Ok, if humor is not allowed, forget Flipper, DWG, and Melvins. Too much levity. Sunn is almost like parody costume rock and I take it less seriously than I do Sleep, so that doesn't really rank for me. It's almost Spinal Tap by accident. The first couple Earth records are appropriate, but that band changed a hell of a lot, plus there are no drums on their most conventionally heavy record. I do think heavy requires a drummer or a facsimile thereof. TG might have a heavy mood but pretty much none of the music is heavy at all; hell, the lighter number are almost synth-pop. Noisy, yes, but not heavy.

The Finnish band Mana Mana (cf. the Totuus Palaa LP) would be appropriate here, but hardly anyone outside of the Nordics knows what it is.

Re: Holy Trinity of Heaviness-dome: Swans vs Neurosis vs Godflesh

38
OrthodoxEaster wrote: Tue Oct 11, 2022 2:14 pm Branca is some of my favorite music ever, but he was too abstract and brainy to be heavy in a "rock" way.
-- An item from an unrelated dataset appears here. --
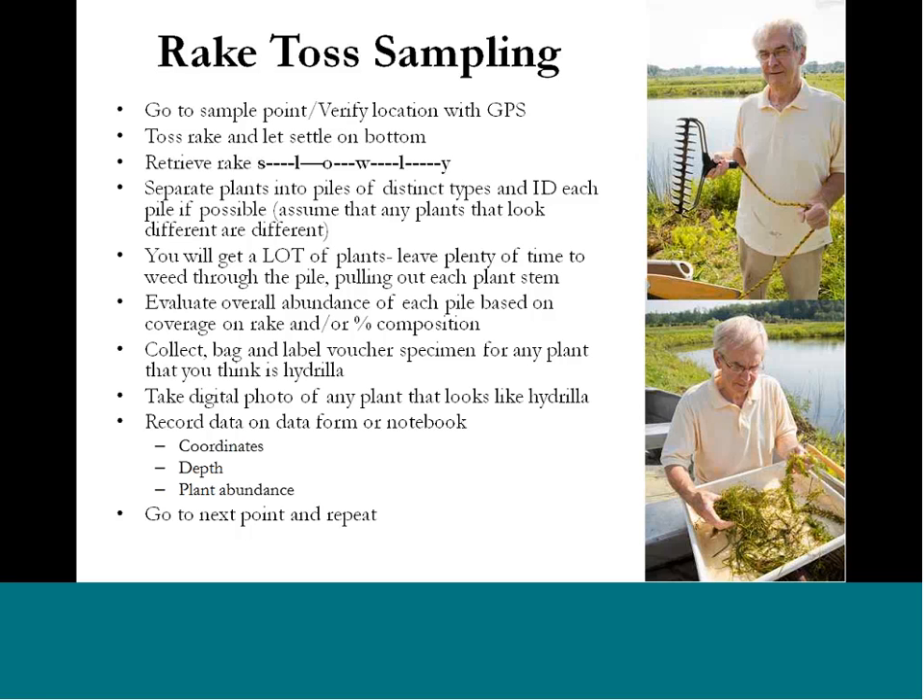Other times you may have difficulty pulling in the rake because it's so full of vegetation. When you do have a lot of vegetation, sift through it — don't just take one glance and assume it's all one thing, because aquatic invasive species can become really intertwined. Pull it apart almost like cotton candy, going through to identify the different types of plants within it. If you do find things that look like they could be hydrilla, follow the protocols Bob discussed — collect it, photograph it, and record that data.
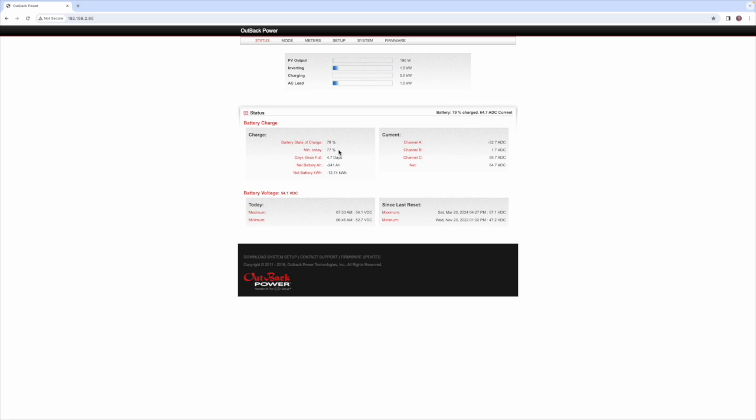Because the shunt can now see that power coming in, channel A is reading the usage on the house, so our net is about 65 amps. Because of that we're seeing the state of charge go up from my minimum today of 77% — we're now up to 79%. If we ran the ChargeVerter directly to the batteries with no shunt, Outback would have no way to read this, and the state of charge would just keep going down until the inverter hits the 25% threshold and shuts off.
Plus his drummers just tended to thump eighth notes on the kick drum and tumble around on the toms w/o dragging the beat or creating much conventional heft. Huge influence on Swans, though.
The drumming admittedly the weak link, but if this jam from 1981 were out of place on a SWANS record in 2022, then I will eat my hat. Maybe it could use some spooky quietly growled vocals or something.

Re: Holy Trinity of Heaviness-dome: Swans vs Neurosis vs Godflesh

40
I suppose when I'm talking about the ultimate kind of heavy that these 3 bands represent very well, I'm refering to music that is:

. Based in the rock paradigm but not easily categorisable in a sub-genre (i.e.: if you can pigeon hole it easily it then it's not quite up to the standard required here).

. Taking the intensity of the most intense punk / hardcore into musical realms well beyond those genres' limitations but keeping the nihilism / despair factor cranked to full (like, the unrelenting doom vibe on those early Discharge records or the explosive anger on the early Black Flag stuff).

Earth go there on the debut but get way more arty and abstract thereafter, the Melvins went there on Gluey Porch Treatments and Lysol but their humour (however cynical it was) is an instant disqualifier.

I guess (for my money) the sludge bands on Pessimiser records (like Grief, Noothgrush, Dystopia or 16) come close but are a little too close to extreme punk / metal territory and lack the "arty" angle to take them into the big leagues- I guess the spectacularly depraved and perverse aesthetic that EyeHateGod mined just about push them into the conversation w/ the original three bands, but I think they aren't quite THAT great.